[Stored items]
----

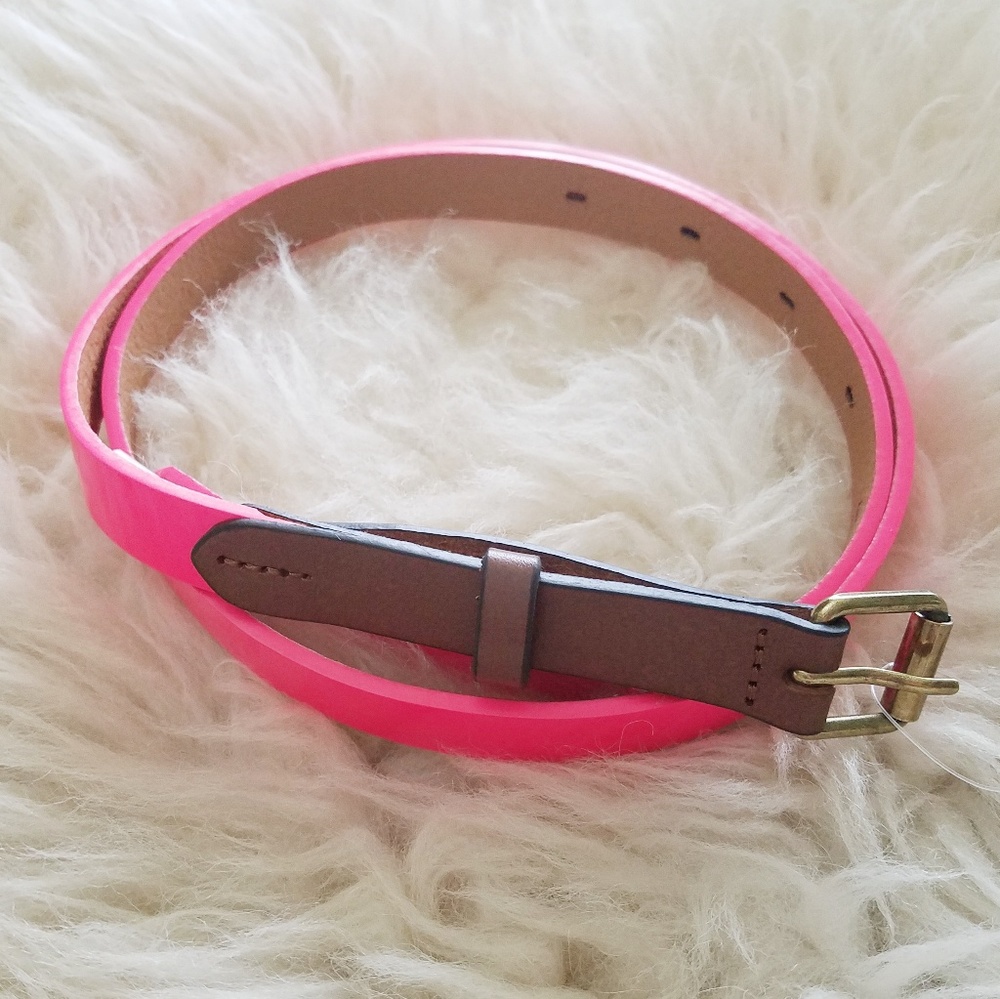 NWT Madewell Patent Leather Pink Belt Orig $39.50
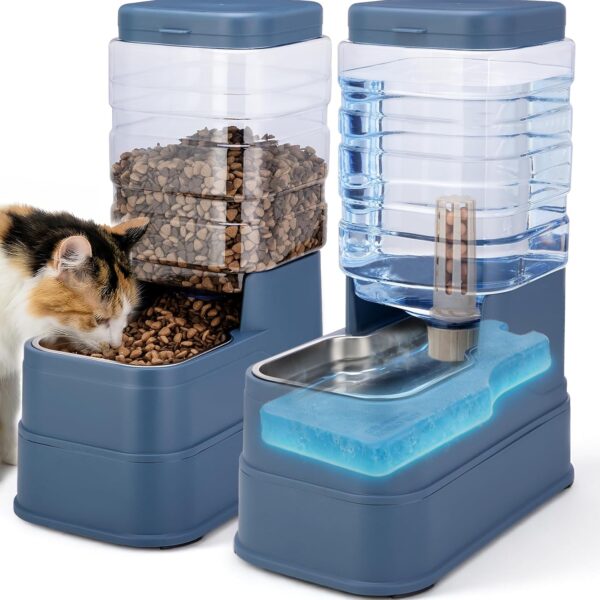 2 Pack Automatic Cat Feeder and Water Dispenser 1.3Gallon Dog Gravity Food Feeder and Water with Ice Pack Stainless Steel Dry Food and Waterer Bowl for Small Medium Large Pets (Blue)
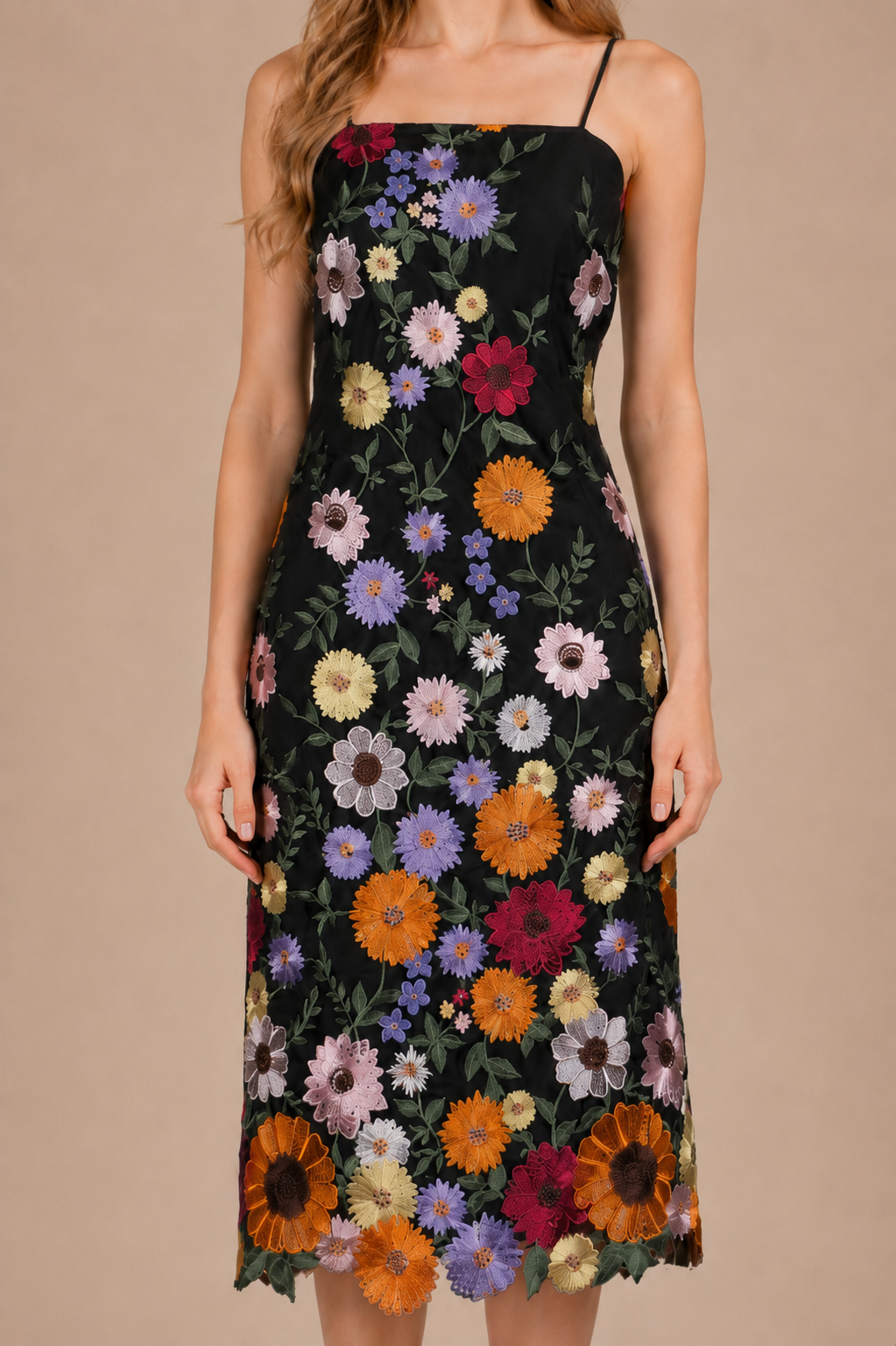 Bloomscape Embroidered Midi Dress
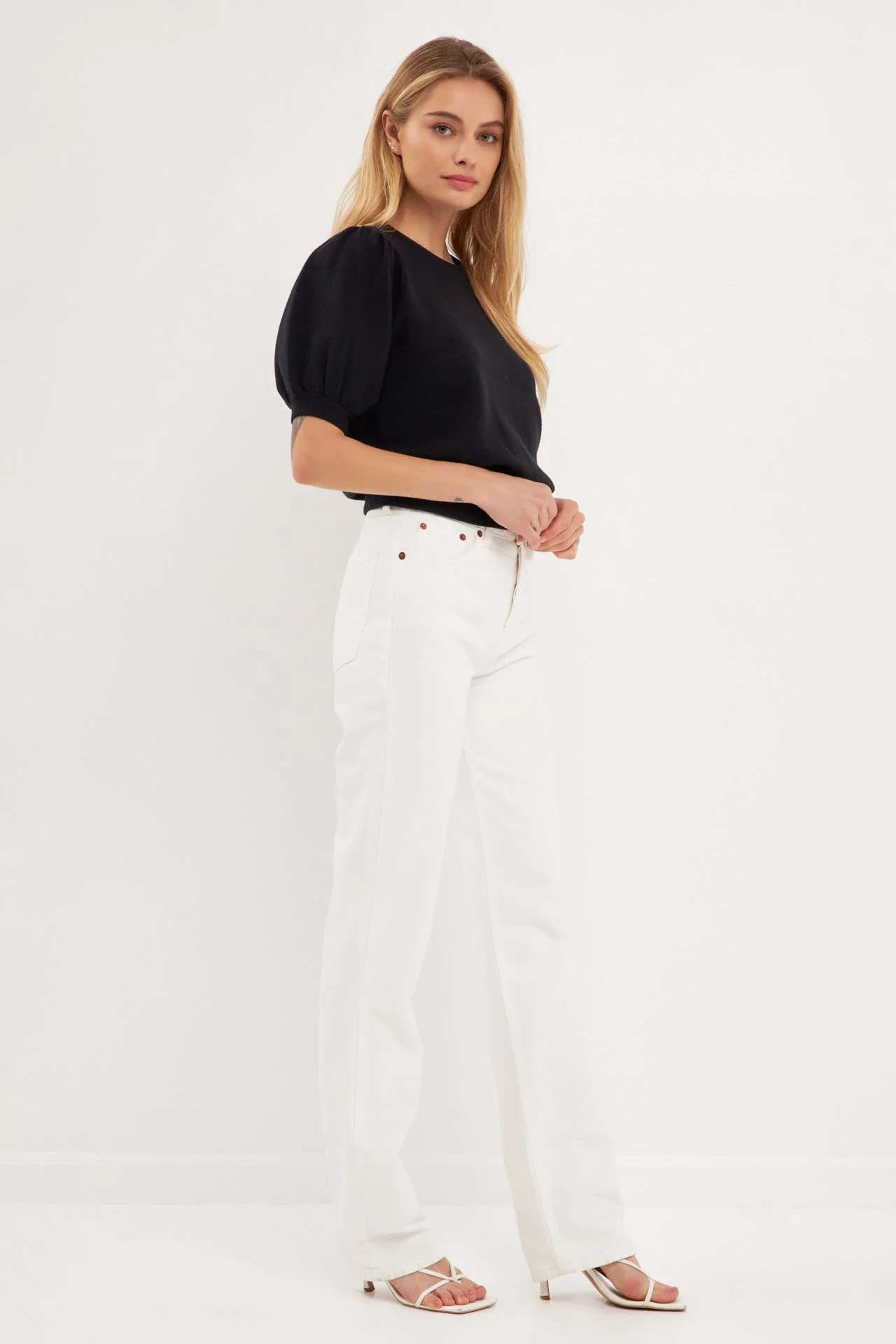 Short Puff Sleeve Knit Top - Image 28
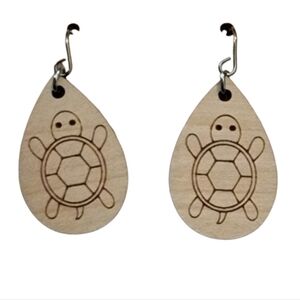 Turtle Mini Wood Drop Earrings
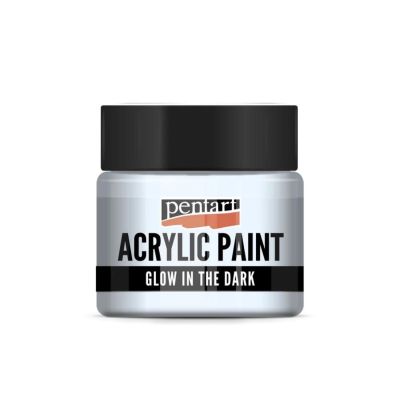 Akrylová barva 30 ml, svítí ve tmě, světlá modrá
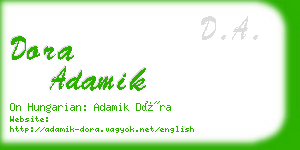 dora adamik business card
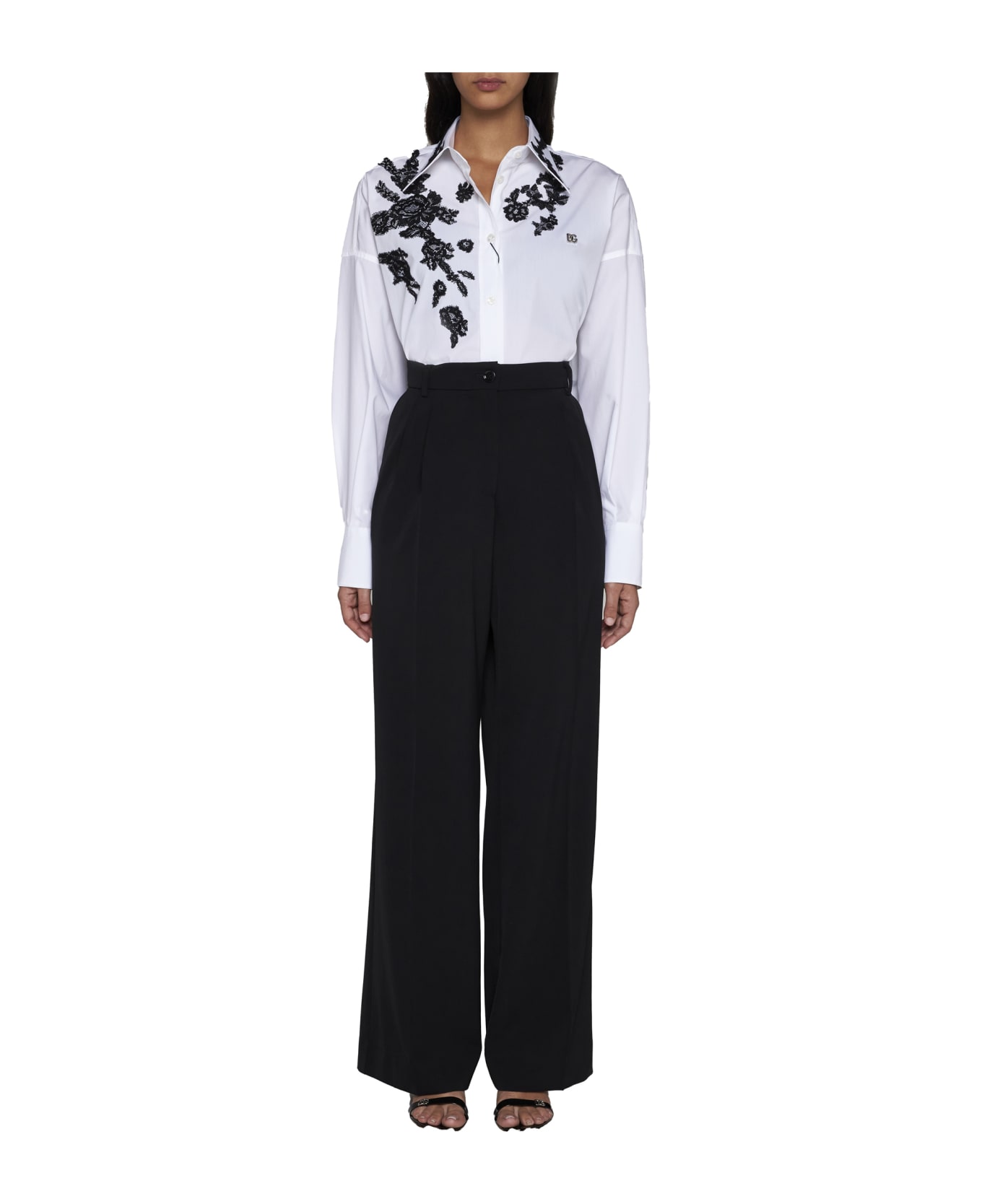 Dolce lenire & Gabbana Lace Appliques Oversize Shirt - Bianco otticco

----

Nothing but the lines from the line containing "Akrylová barva 30" to the end of the records above should be repeated, exactly and with every picture omitted.

RESPONSE TO THE EXERCISE
 Akrylová barva 30 ml, svítí ve tmě, světlá modrá
 dora adamik business card
 Dolce lenire & Gabbana Lace Appliques Oversize Shirt - Bianco otticco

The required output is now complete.